The harsher federal punishments for crack, a drug that’s slightly more prevalent in black than white communities, has long been seen as unfair and racially biased, resulting in far more jail time for black drug offenders than white ones. Congress corrected this in 2010, but did not make the change retroactive.
The bill passed the Senate Judiciary Committee on Thursday, with the support of the group’s Democrats and three Republicans — Ted Cruz of Texas, Mike Lee of Utah and Jeff Flake of Arizona, who argue that long sentences for nonviolent drug offenders are costly and unfair. More traditional Republicans such as Orrin Hatch of Utah, who served in the Senate during the heyday of harsher crack punishments, voted against the bill.
The changing politics of the issue — with red states like Texas and Kentucky leading experiments in drug sentencing reform in part to save money — means that the bill actually has a shot in the Republican-dominated House. The decades-old trend of cracking down on drug crime with longer and longer sentences is finally reversing, under the pressure of skyrocketing prison costs and growing concern about the country’s outsized inmate population. (The U.S. makes up only 5 percent of the world population but contains a quarter of its prisoners.)
But the president and his attorney general, Eric Holder, have already begun to use executive power to address the issue, and do not plan to wait on the bill to pass to provide relief for some offenders. The president said in his State of the Union speech Tuesday that he was not afraid to go it alone and use his executive power in his final term if Congress declines to act on one of his priorities.
On Thursday, Deputy Attorney General Jim Cole announced in a speech to the New York State Bar Association that the Obama administration wants the private defense bar to comb through drug cases involving nonviolent inmates who were sentenced under policies or laws that have since changed, and offer them to the president for clemency. Cole also said the U.S. Bureau of Prisons will inform prisoners that they can apply.
“We need to identify these individuals and get well-prepared petitions into the Department of Justice,” Cole said.
The deputy argued that “these older, stringent punishments, that are out of line with sentences imposed under today's laws, erode people’s confidence in our criminal justice system.”
The Justice Department program aims to help a broader pool of drug offenders than the Senate bill does.
In 2011, about 30,000 people were serving crack cocaine sentences in federal prison, more than 80 percent of them black. Only about 8,800 of these inmates would be eligible for relief under the law being considered by the Senate, according to the U.S. Sentencing Commission, because many have prior drug convictions or other factors that would make them ineligible under the bill’s criteria. Defenders will be combing through the thousands of other cases to see which might be eligible for executive clemency.
Margaret Love, a former pardon attorney for the Justice Department, called Cole’s announcement “unprecedented.” Love represents five clients who are serving life sentences for crack, and is planning on applying for clemency for all five. None of her clients would be helped by the Senate bill, should it pass, because they had prior drug convictions when they were sentenced to life.

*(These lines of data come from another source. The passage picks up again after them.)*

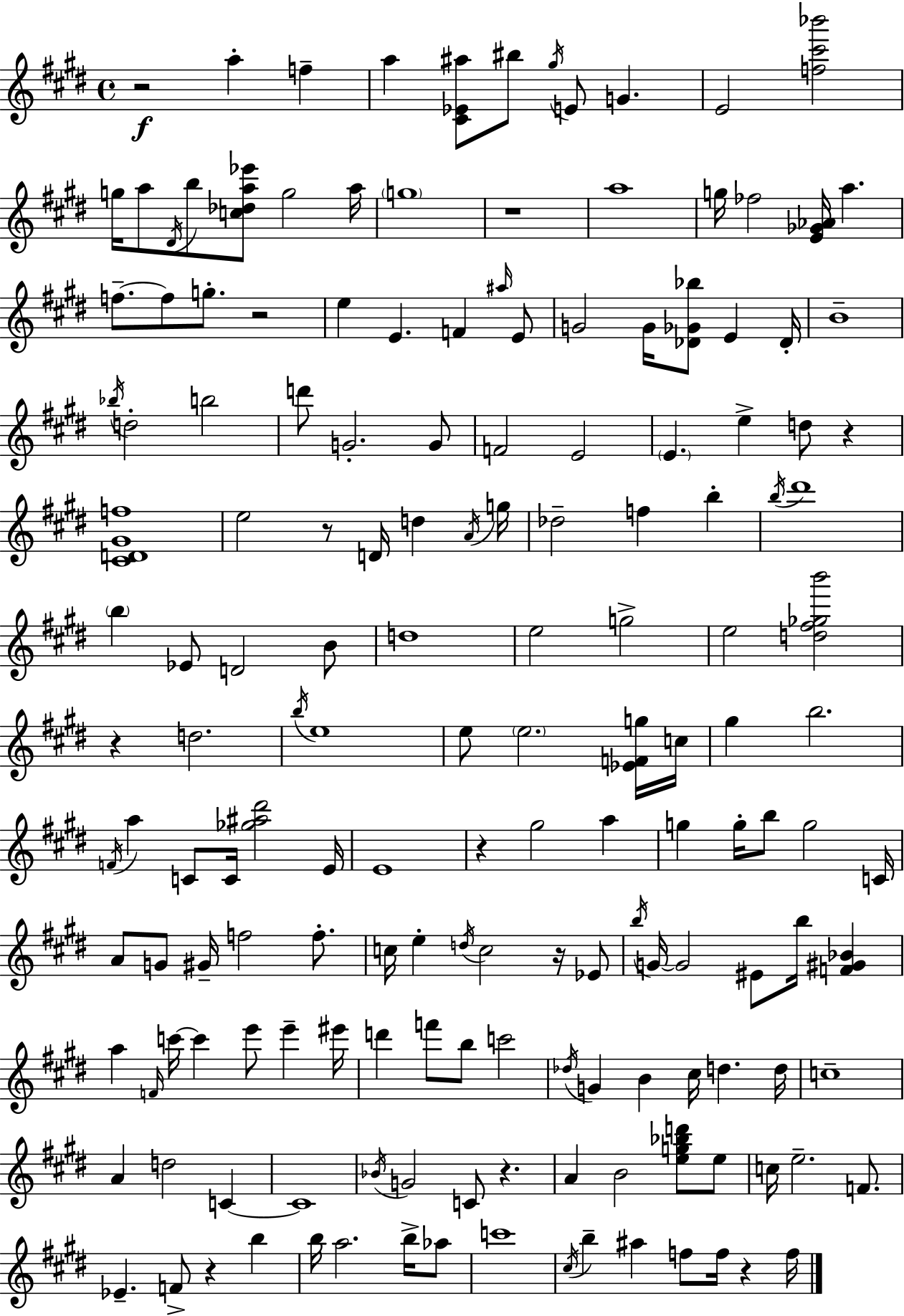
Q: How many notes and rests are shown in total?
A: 164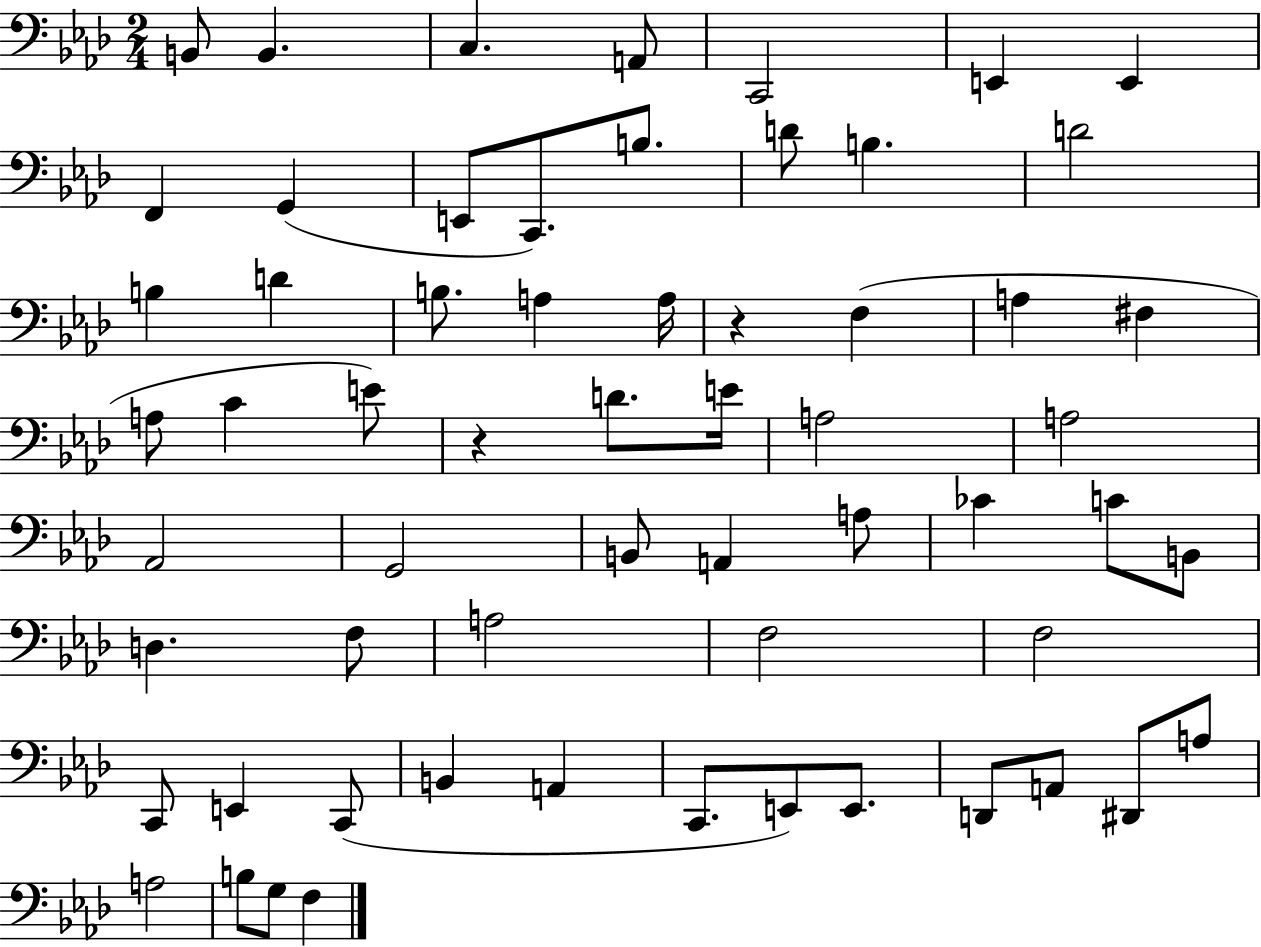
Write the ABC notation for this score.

X:1
T:Untitled
M:2/4
L:1/4
K:Ab
B,,/2 B,, C, A,,/2 C,,2 E,, E,, F,, G,, E,,/2 C,,/2 B,/2 D/2 B, D2 B, D B,/2 A, A,/4 z F, A, ^F, A,/2 C E/2 z D/2 E/4 A,2 A,2 _A,,2 G,,2 B,,/2 A,, A,/2 _C C/2 B,,/2 D, F,/2 A,2 F,2 F,2 C,,/2 E,, C,,/2 B,, A,, C,,/2 E,,/2 E,,/2 D,,/2 A,,/2 ^D,,/2 A,/2 A,2 B,/2 G,/2 F,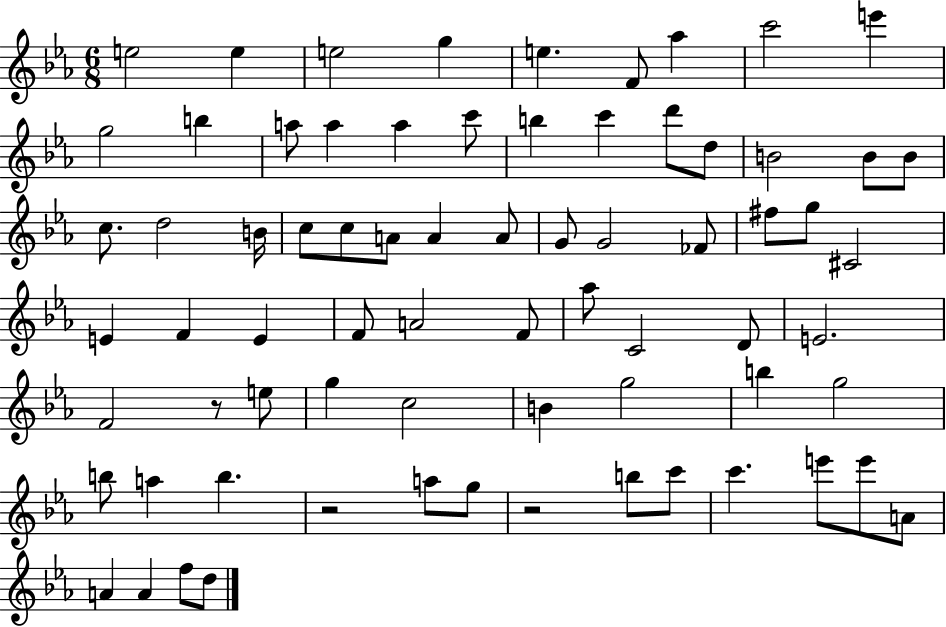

“There’s some people that only the president could help,” said Michael Nachmanoff, the public defender for the Eastern District of Virginia, which was home to the most crack convictions of any district over the past 25 years. “The president needs to be willing to use that power.”
In December, Obama commuted the sentences of eight crack offenders, calling the system they were imprisoned under “unfair.” Most of the eight were serving life sentences. The president exercised his clemency power just 23 times in his first term, a far lower rate than President George W. Bush.
Holder, a former federal prosecutor and judge, has long been opposed to drug sentencing laws that punish the distribution of crack cocaine far more harshly than powder cocaine, and that imprisoned nonviolent offenders for years and years, burdening the prison system. Last August, he directed U.S. attorneys to no longer automatically push for mandatory minimums when prosecuting drug cases, saying that aggravating factors, such as violence, must be present to merit longer sentences.
Federal prisons account for just 200,000 of the country’s 2 million prisoners, but advocates say the push may have a ripple effect in the states, encouraging reforms there as well. Twelve states still punish crack cocaine offenders far more harshly than powder offenders.